— Task to complete —
Only the lines from the one holding "Reddish Brown glueless" to the end of the data should be echoed, exactly as they appear, minus the pictures.

— Dataset extract —
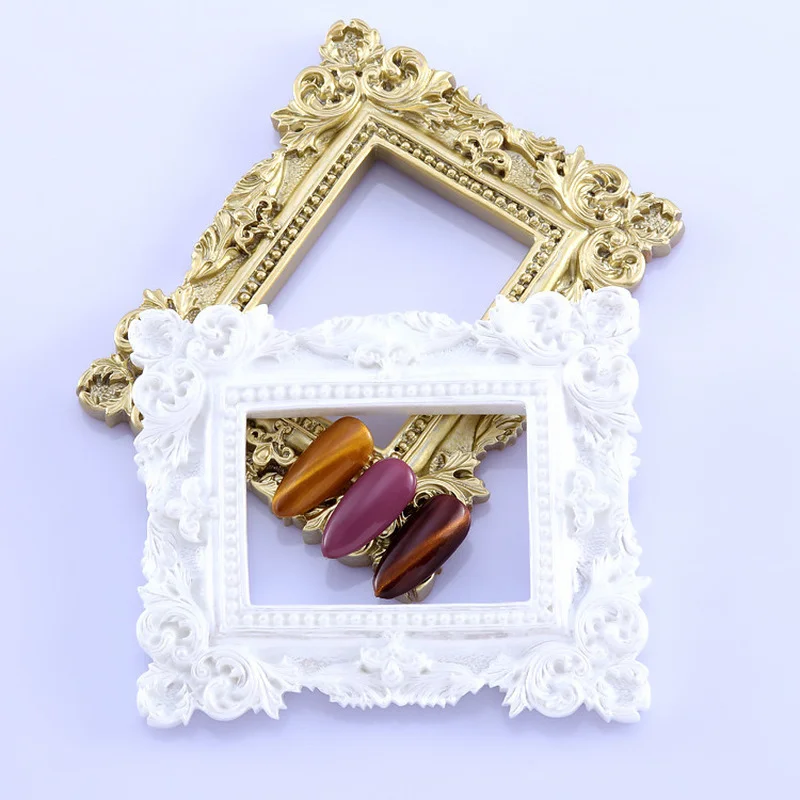 Gold Sliver Retro Nail Art Display Frame Polish Color Acryl Gel Tip Display Board Nail Polish Holder Card Manicure Display Frame
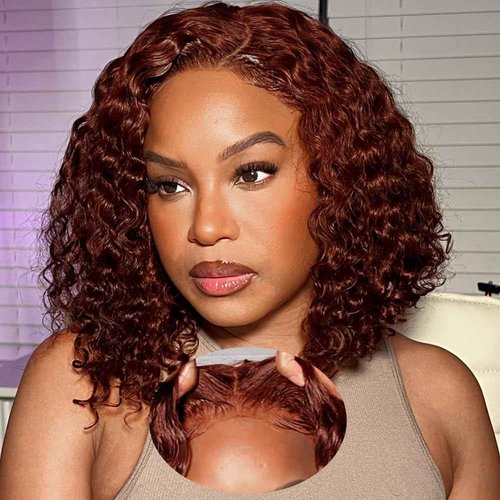 Reddish Brown glueless wigs human hair pre plucked pre cut Deep Wave 7x5 Wear And Go Closure Wigs Reddish Brown Lace Front Wigs Human Hair 180% Density Auburn Wig for Women 10 Inch
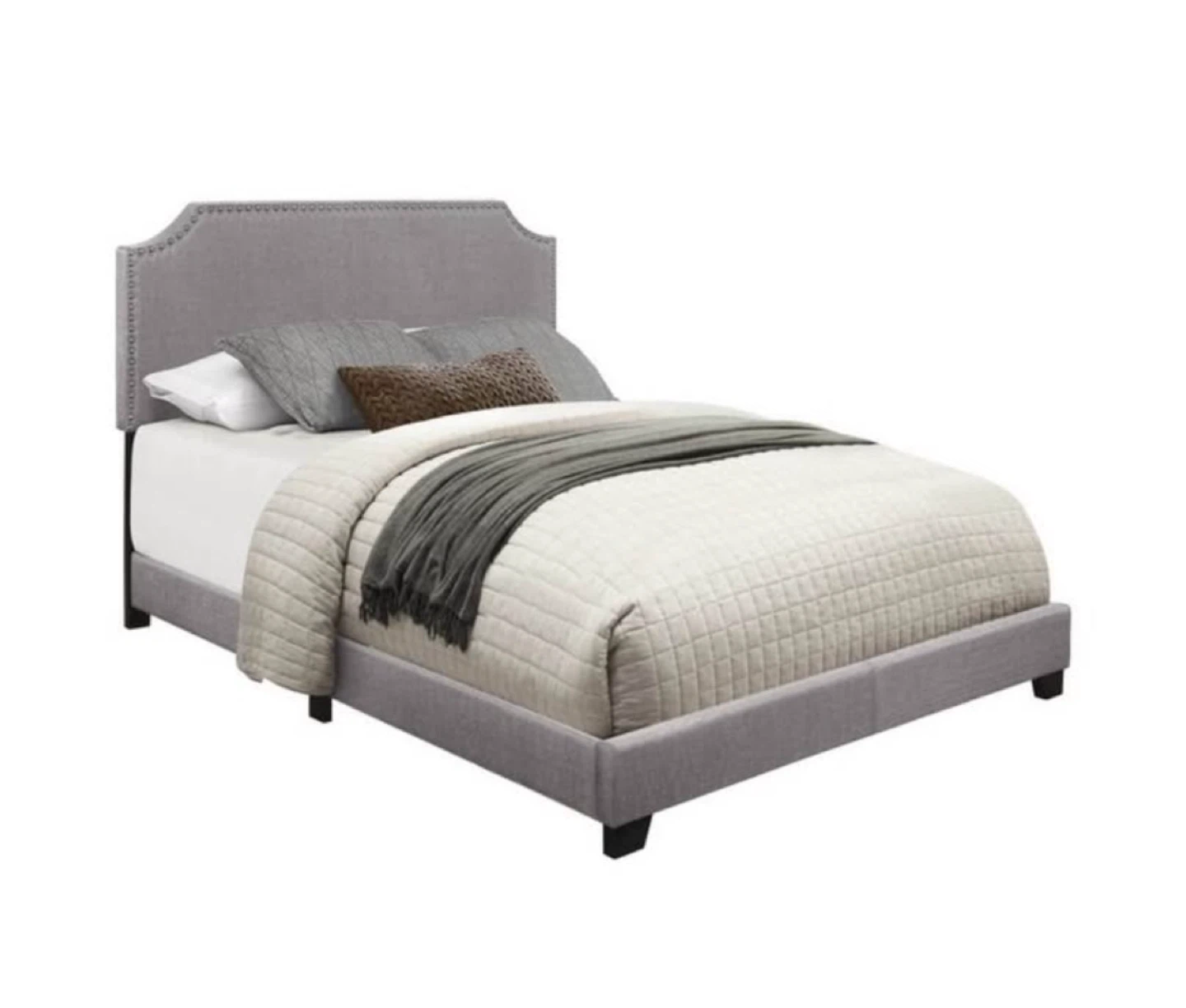 New King Size Light Grey Upholstered Bed - photo 3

— Answer to this task —
 Reddish Brown glueless wigs human hair pre plucked pre cut Deep Wave 7x5 Wear And Go Closure Wigs Reddish Brown Lace Front Wigs Human Hair 180% Density Auburn Wig for Women 10 Inch
 New King Size Light Grey Upholstered Bed - photo 3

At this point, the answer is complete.